With easy availability of imaging, staging laparotomy, which was standard procedure for lymphomas, became obsolete. Staging laparoscopy may spare patients the morbidity of an unnecessary laparotomy and provide tissue to confirm the diagnosis of non-Hodgkin lymphoma or allow the surgical staging of Hodgkin lymphoma.

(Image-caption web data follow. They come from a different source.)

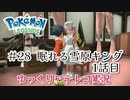 【ゆっくりアテレコ実況】Pokemon LEGENDS アルセウス #28『眠れる雪原キング　1話目』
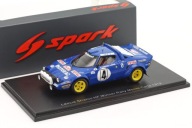 LANCIA Stratos HF #4 B.Darniche Winner Monte Carlo 1979 1/43 SPARK S9096
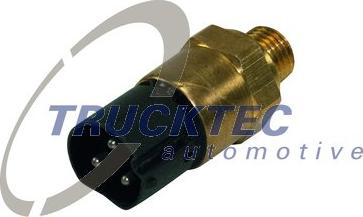 Trucktec Automotive 08.40.047 - Термовимикач, вентилятор радіатора / кондиціонера autozip.com.ua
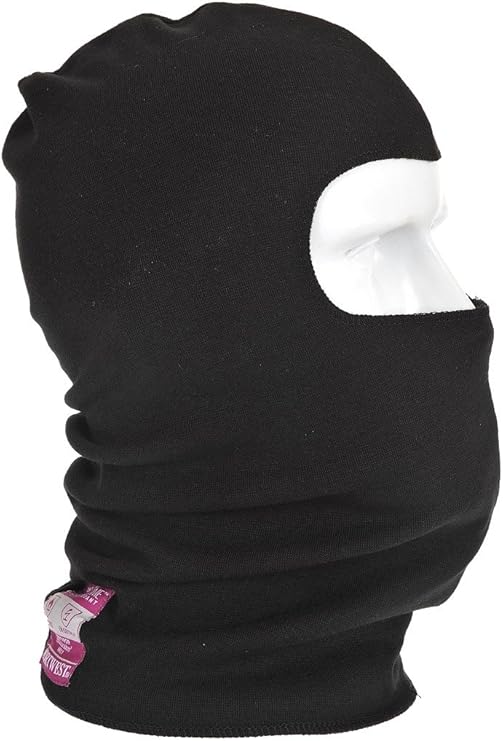 Flame Resistant AntiStatic Balaclava, FR18NAR Amazon.co.uk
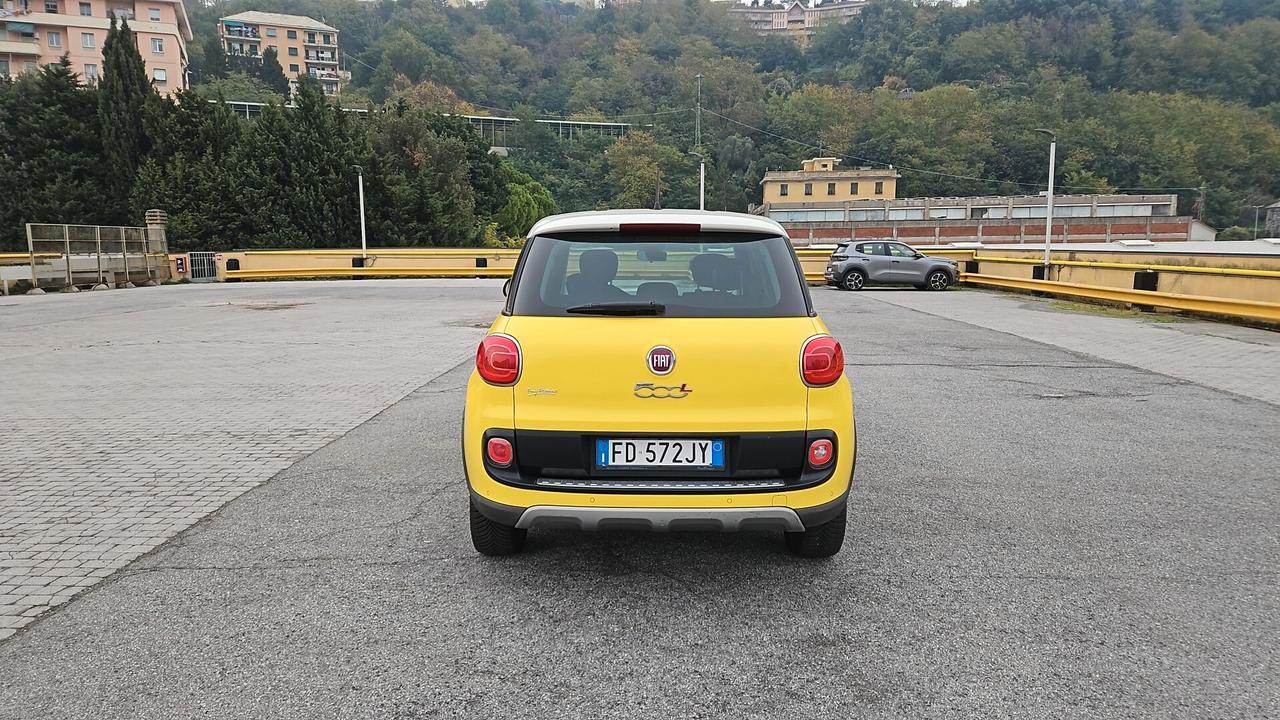 Fiat 500L 1.3 Multijet 95 CV Pop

Staging laparoscopy can also be used for patients who need laparoscopic splenectomy as treatment and may lead to less pain, faster recovery, and earlier time to definitive treatment.
Hodgkin’s lymphoma originates in one nodal group and spreads in a stepwise manner to contiguous nodal groups. Staging laparoscopy may be useful in determining the stage and location of the disease, as this may affect decisions regarding treatment, particularly the administration of chemotherapy.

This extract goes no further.